Мы часто обвиняем жертву в самых разных ситуациях, даже не замечая того. Потому что для нас это психологически комфортно. Это нас успокаивает. В противном случае жизнь становится несправедливой, тревожной, непредсказуемой. К примеру, в сталинское время многие (большинство) обвиняли жертв массового террора словами «зря не посадят», «значит, что-то было». Даже когда кто-то умирает, мы сразу пытаемся выяснить по какой причине и успокаиваемся, когда таковая четко обозначена (пил, курил, вредное производство и пр.). Это значит, что с нами этого не произойдет, потому что мы этого не совершаем. Такое объяснение нас устраивает потому, что успокаивает. То же самое происходит и в случае с оппозицией. Мы успокаиваем себя своей постоянной критикой оппозиции, вместо того, чтобы сказать себе честно, что в нынешних условиях победить невозможно, и что сложившаяся ситуация не является результатом чьих-то ошибок или просчетов (со стороны оппозиции). Она обусловлена другими, более серьезными причинами.
Общество явно не желает разделять вину за укрепление авторитарного режима и за все, что происходит в стране. Кроме того, люди устали от долгой фрустрации и поражений, и недовольство смещается с непобедимой власти на тех, кто как бы виноват в серии поражений. Обвинение жертвы не в последней степени связано с желанием обвиняющего субъекта оказаться на стороне сильного, в том числе насильника. Это и форма психологической защиты, и выбор собственных приоритетов, когда человек неосознанно стремиться оказаться на стороне тех, кто в данный момент побеждает.

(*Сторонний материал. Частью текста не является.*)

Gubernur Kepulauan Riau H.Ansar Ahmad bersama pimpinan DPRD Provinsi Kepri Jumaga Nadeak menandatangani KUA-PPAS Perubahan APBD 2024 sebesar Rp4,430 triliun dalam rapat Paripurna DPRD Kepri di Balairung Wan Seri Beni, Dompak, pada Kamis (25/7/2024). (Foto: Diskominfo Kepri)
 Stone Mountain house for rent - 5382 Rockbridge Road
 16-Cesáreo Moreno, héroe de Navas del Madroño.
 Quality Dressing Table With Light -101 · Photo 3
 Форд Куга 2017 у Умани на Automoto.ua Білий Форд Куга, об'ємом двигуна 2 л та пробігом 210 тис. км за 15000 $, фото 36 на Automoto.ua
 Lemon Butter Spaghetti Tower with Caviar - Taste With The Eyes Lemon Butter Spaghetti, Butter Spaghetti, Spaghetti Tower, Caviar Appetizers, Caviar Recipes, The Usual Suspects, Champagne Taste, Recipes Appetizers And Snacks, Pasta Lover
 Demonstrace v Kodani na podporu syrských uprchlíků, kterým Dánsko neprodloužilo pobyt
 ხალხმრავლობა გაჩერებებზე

Еще одним поводом для указанного сравнения может служить необъяснимый с рациональной точки зрения накал страстей, сопровождающий обсуждение этой темы в социальных сетях. Градус ненависти по отношению к оппозиции в целом либо к какой-то ее части, пожалуй, уже сопоставим с ненавистью к самому режиму. В ход идут самые разные деривации. Согласно В. Парето, они представляют собой рациональные объяснения нелогических действий, являющиеся следствием противоречивых чувств, испытываемых индивидом, которые он пытается рационализировать и аргументировать как самому себе, так и другим. В числе наиболее распространенных претензий к оппозиции со стороны просвещенной публики можно назвать:
1. «Получение грантов» и их «отработку» (причем, по мнению многих, «недостаточную»). В этом обвинении сказывается характерная для постсоветского человека обеспокоенность поисками корыстного мотива, стремление разоблачить жажду наживы и пр.

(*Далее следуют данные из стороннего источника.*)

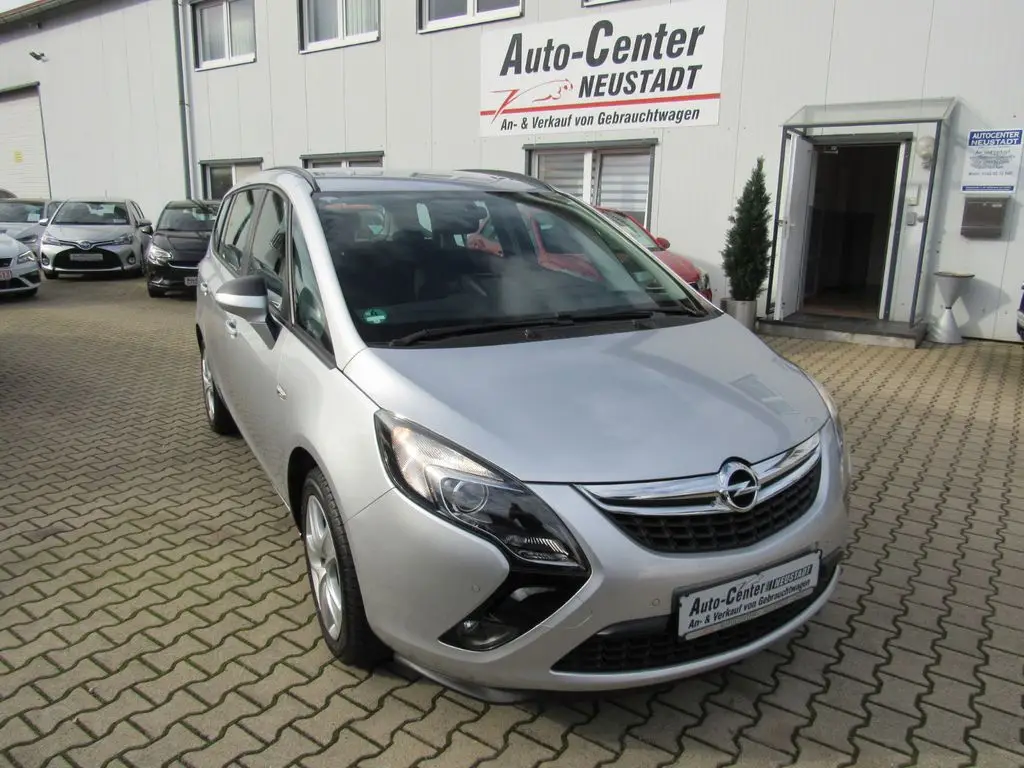 Photo 1 : Opel Zafira 2016 Petrol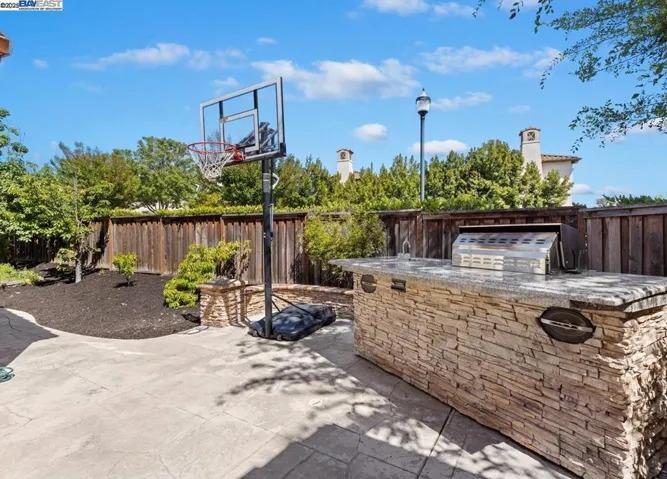 7563 Balmoral Way, San Ramon, California 94582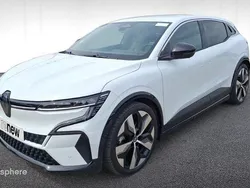 Blanc Utilisé 2023 Renault Mégane Techno SUV | 24 500 € (Prix juste)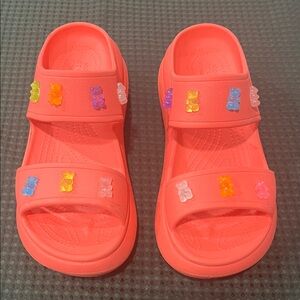 Crocs crush women’s 10 Vibrant Women's Sandals with gummy Bear charms jibbitz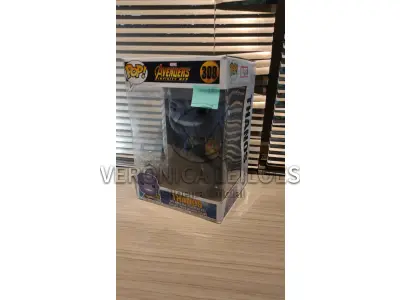 LOTE 070 - Funko Pop! Av. infinity wars - Thanos - 308- Grande
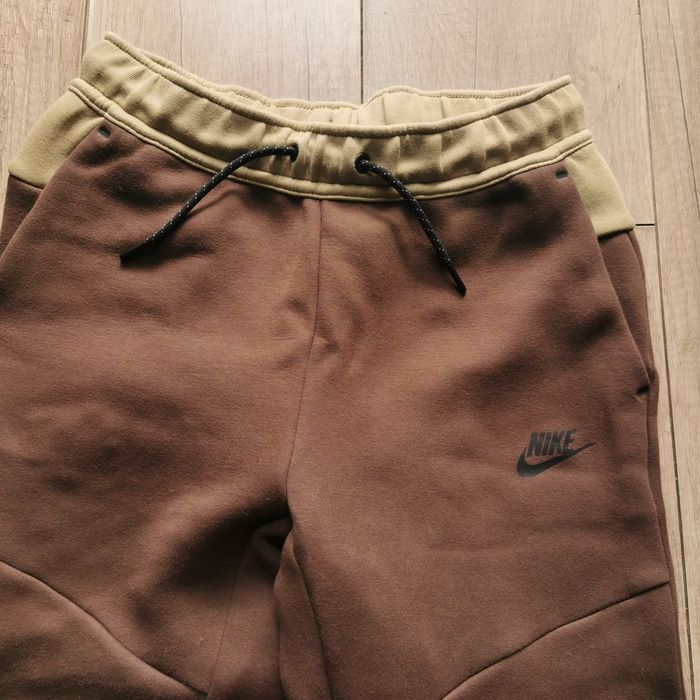 Nowe spodnie dresowe na 11-12 lat (146-152 cm) Nike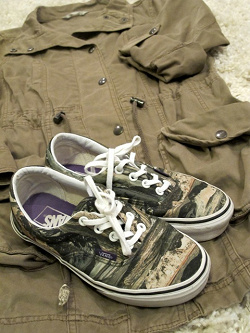 Отдается в дар «Женские кеды Vans»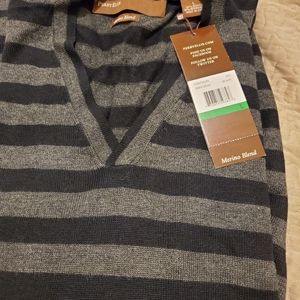 New Men's Sweater, size L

2. Отсутствие «должного внимания» к многочисленным рекомендациям и идеям, в изобилии поступающим от тех, кто интересуется политикой и любит поразмышлять над «судьбами родины» (такого рода упреки неизменно подкрепляются многочисленными примерами исторических промахов и неудач оппозиции и сопровождаются словами «я же предупреждал», «я ведь говорил» и т. п.)
3. Различного рода конспирологические теории и догадки о том, кто на кого «работает», кем «перекуплен», чьим интересам объективно «служит». «Преимущество» такого подхода в том, что он равным образом и неопровержим, и недоказуем. В наиболее яркой форме мы можем наблюдать его сегодня на российском телевидении. Это тот случай, когда даже очень образованные люди (которых собирает, к примеру, в своей передаче Владимир Соловьев), обладая определенными конспирологическими установками, перестают воспринимать какую-либо рациональную аргументацию.
Если бы я был сторонником конспирологического подхода, то я тоже предположил бы, что дискредитации оппозиции в белорусском обществе является хорошо продуманной операцией спецслужб. Ведь исключение оппозиции из политического процесса (а именно к этому ведет ее неучастие в выборах) при условии ее нынешней слабости равносильно уничтожению. Причем максимально простым и эффективным способом.